Normalement, au terme des lois votées
par la précédente majorité, les mandats de ces deux dirigeants
arrivaient à échéance respectivement en 2017 et 2019. Le décret
ne respecte pas les normes en vigueur pour la nomination et la
révocation des titulaires de ces postes importants et à haute
valeur symbolique. Mauricio Macri n'a jamais fait mystère de sa
volonté de modifier en profondeur la récente loi sur les médias
qui empêche la constitution d'oligopoles médiatiques et limite en
théorie au moins la concentration excessive des moyens de production
et de diffusion de la création et de l'information entre les mêmes
mains. Il se trouve aussi que les deux présidents révoqués sont
deux militants kirchneristes qui, de leur côté, n'ont pas occulté
leur volonté de résister à la nouvelle majorité. En démocratie,
certes il importe et combien que l'Exécutif respecte les lois en
vigueur mais cette règle vaut dans les deux sens : les hauts
commis de l'Etat nommés par la majorité précédente doivent
coopérer avec les pouvoirs publics issus des élections, quand bien
même ceux-ci voudraient mettre en place une politique contraire à
la précédente, et dans le cas contraire, s'ils ne sont pas disposés
à coopérer, ils doivent démissionner mais en aucun cas, ils n'ont
le droit de résister alors qu'ils sont à la tête d'organismes
publics, comme tous les deux menaçaient de le faire sous prétexte
d'un pluralisme assez mal compris, qui confond l'attitude privée
(celle d'un parti politique, d'une association, d'un citoyen, d'un
journaliste, qui ne s'expriment qu'en leur nom propre) et l'attitude
publique, lorsque le pouvoir exercé est un pouvoir délégué par
l'Etat. Et comme la plupart des Argentins confondent encore Etat (avec ce qu'il a de permanent) et
Gouvernement (avec ce qu'il a de contingent et de variabilité partisane), on n'est pas sorti de l'auberge !

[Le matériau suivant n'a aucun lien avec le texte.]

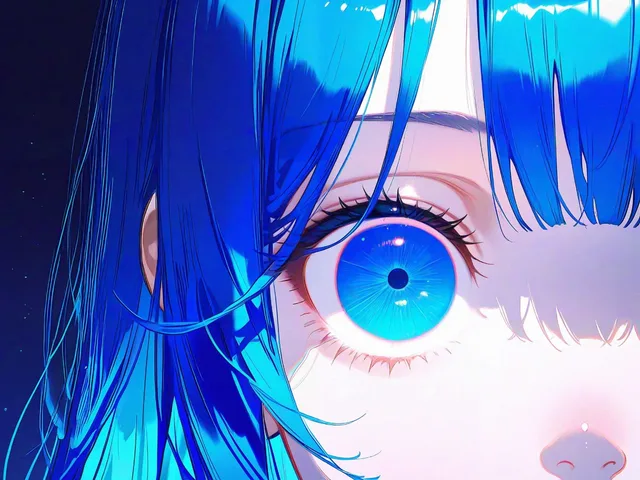 なんで君が泣いてるの?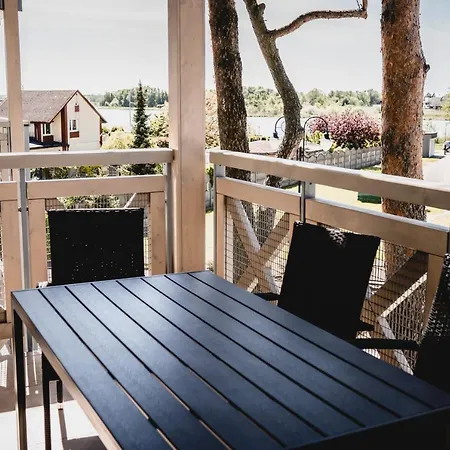 شقة Park 3 ميلنو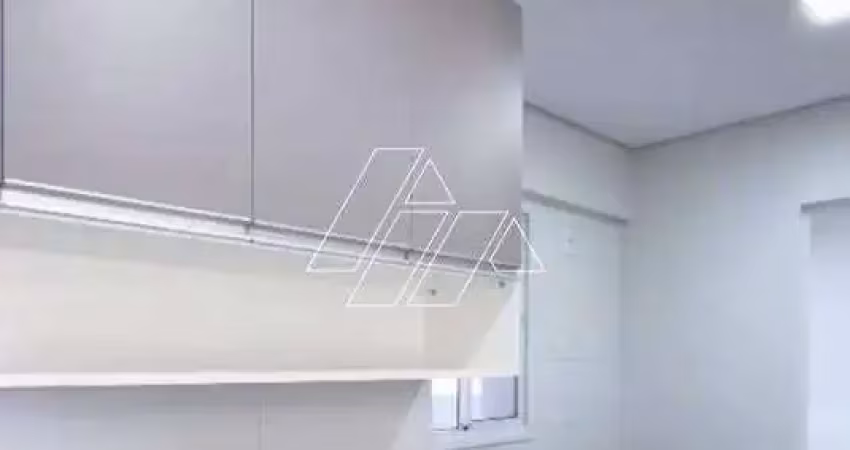 Apartamento à venda, 3 quartos, 1 suíte, cascata - marília/sp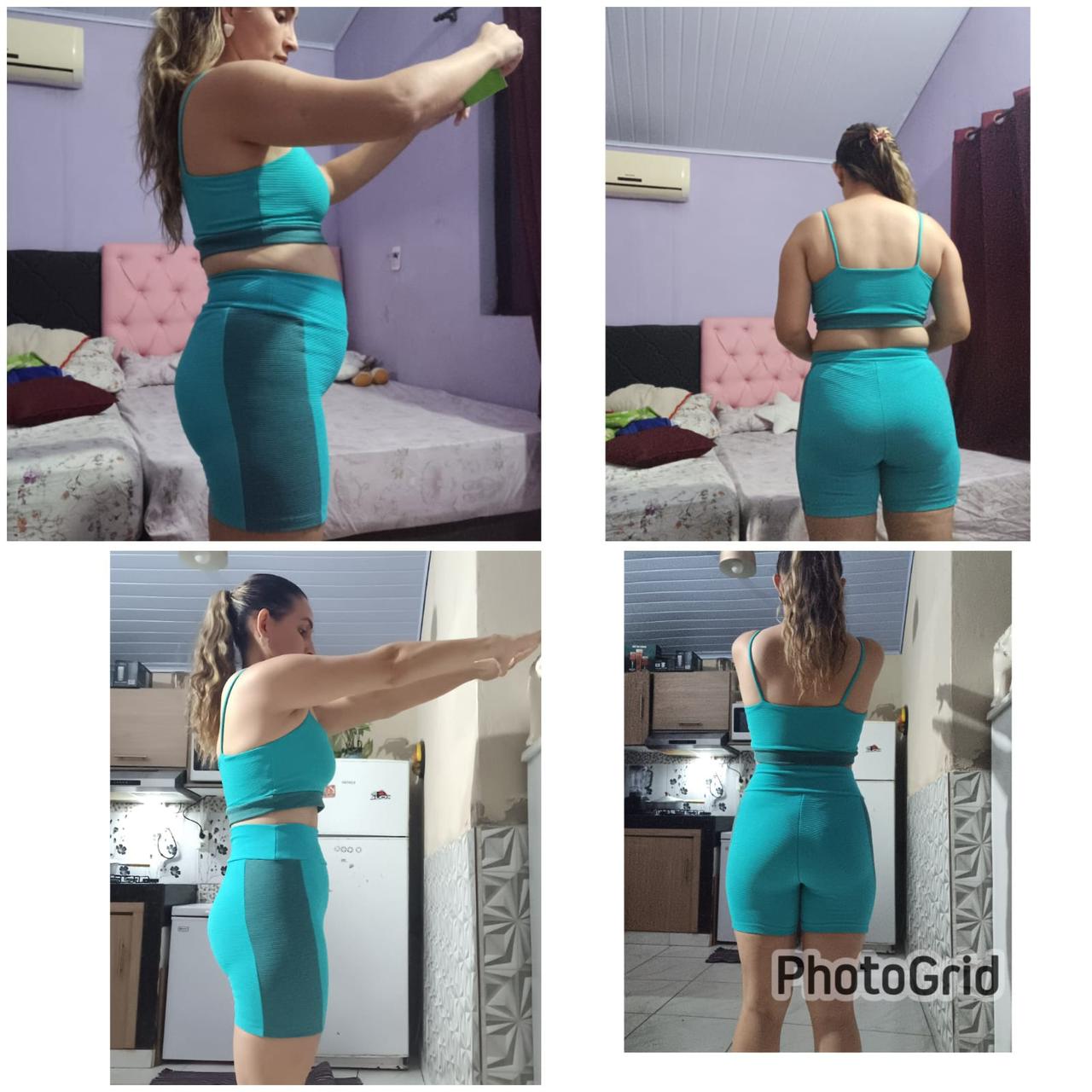 Antes y después — transformación real 11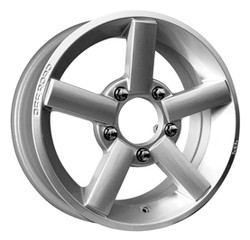 ��� ��� �����-��� (KC536-00) 6.5X15 5/139.7 ET40 d98 [A7243] | ������� A7243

Dans les attendus du décret, on trouve
à plusieurs reprises la motivation de garantir à l'ensemble des
citoyens argentins l'accès à une information libre et pluraliste et
à des relations commerciales équitables entre clients et
fournisseurs d'accès aux services de télécommunication. Ce qui est
donc critiqué chez ces deux dirigeants est le caractère partisan de
la politique qu'ils mènent à la tête des deux instances, ce qui
n'est pas totalement infondé. Et le décret, plutôt que de s'appuyer
sur les termes de la loi des médias, s'appuie directement sur la
Constitution et les droits fondamentaux qu'elle garantit à tous les
citoyens.
Bien entendu, du côté des
kirchneristes, le scandale est immense et peut-être un peu surjoué,
dans la mesure où cette décision n'est pas une surprise, où
l'antagonisme était amplement prévisible eu égard aux deux
personnalités assez peu conciliantes des dirigeants nommés par
Cristina Kirchner, et où lorsque la situation était inverse, quand
c'était Cristina qui prenait le contrôle de l'administration de la
Sécurité sociale, de la compagnie pétrolière, du transport aérien
ou ferroviaire, les mêmes qui hurlent et manifestent aujourd'hui
triomphaient et trouvaient ces décisions tout à fait légitimes.
L'antagonisme promet d'être ardent :
Martín Sabbatella, président limogé de l'AFSCA, a fait des déclarations
publiques devant les manifestants kirchneristes rassemblés devant
les bureaux de l'institution qu'il a décidé d'occuper malgré sa révocation. Avec son confrère, Norberto Berner, révoqué de
l'AFTIC, il a déposé un recours en référé devant la justice
fédérale contre le décret qui les révoquent tous les deux et le
Gouvernement, de son côté, a contre-attaqué en déposant contre
Martín Sabbatella une plainte pénale pour abus de pouvoir et
usurpation de charge (puisqu'il occupe les locaux).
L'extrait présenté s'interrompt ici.